Dataset content

* * * *

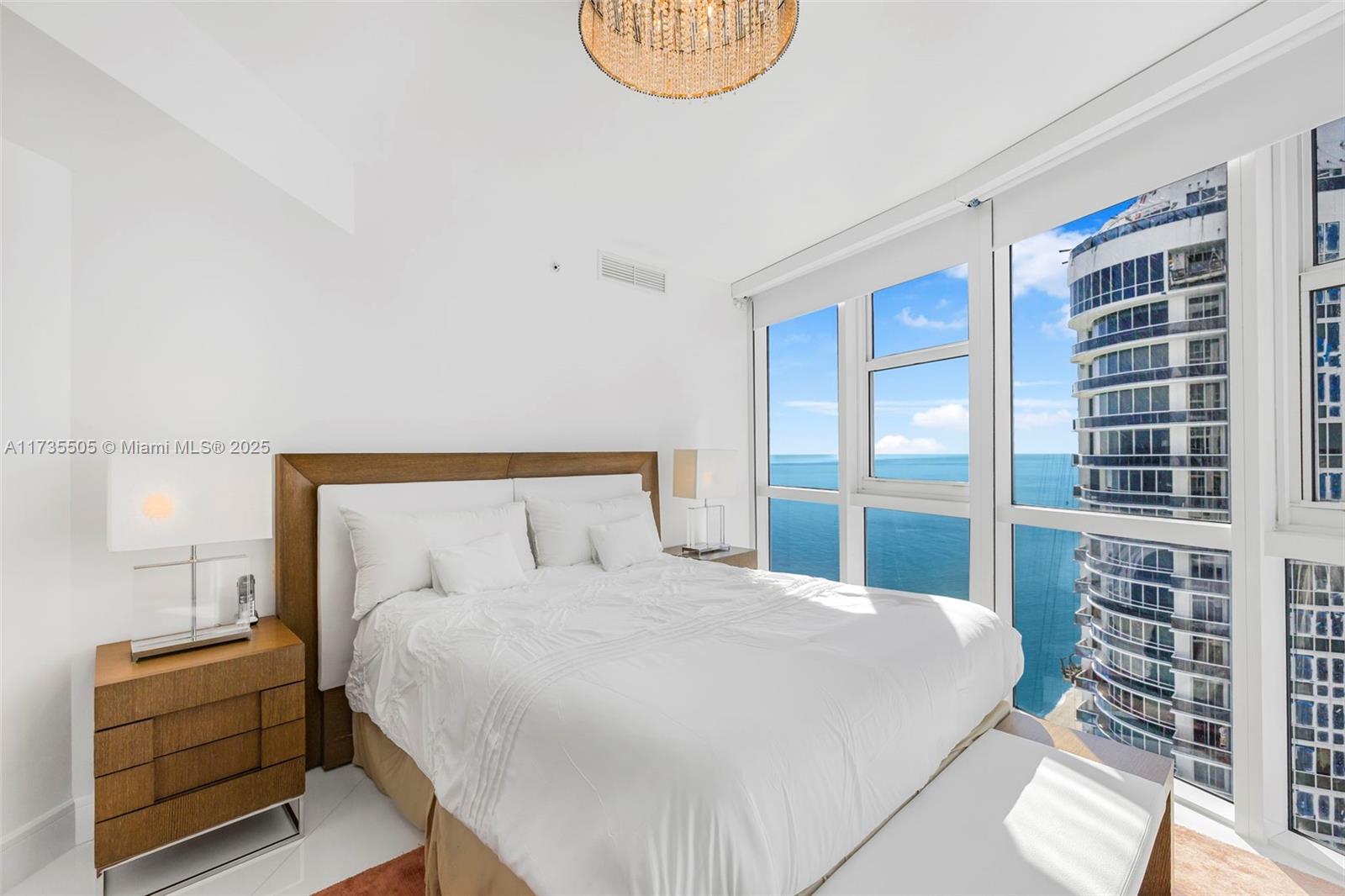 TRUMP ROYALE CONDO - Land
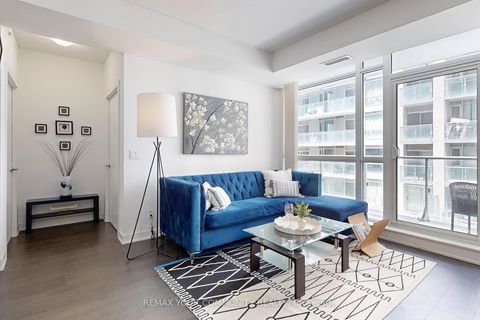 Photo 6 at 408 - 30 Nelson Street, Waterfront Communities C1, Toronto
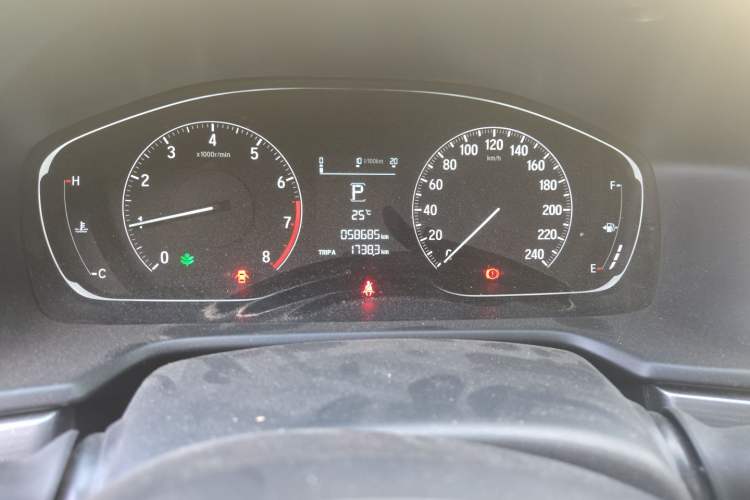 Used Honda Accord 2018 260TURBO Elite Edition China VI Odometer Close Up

* * * *

Return the listing above unchanged, apart from dropping its pictures.

Output
 TRUMP ROYALE CONDO - Land
 Photo 6 at 408 - 30 Nelson Street, Waterfront Communities C1, Toronto
 Used Honda Accord 2018 260TURBO Elite Edition China VI Odometer Close Up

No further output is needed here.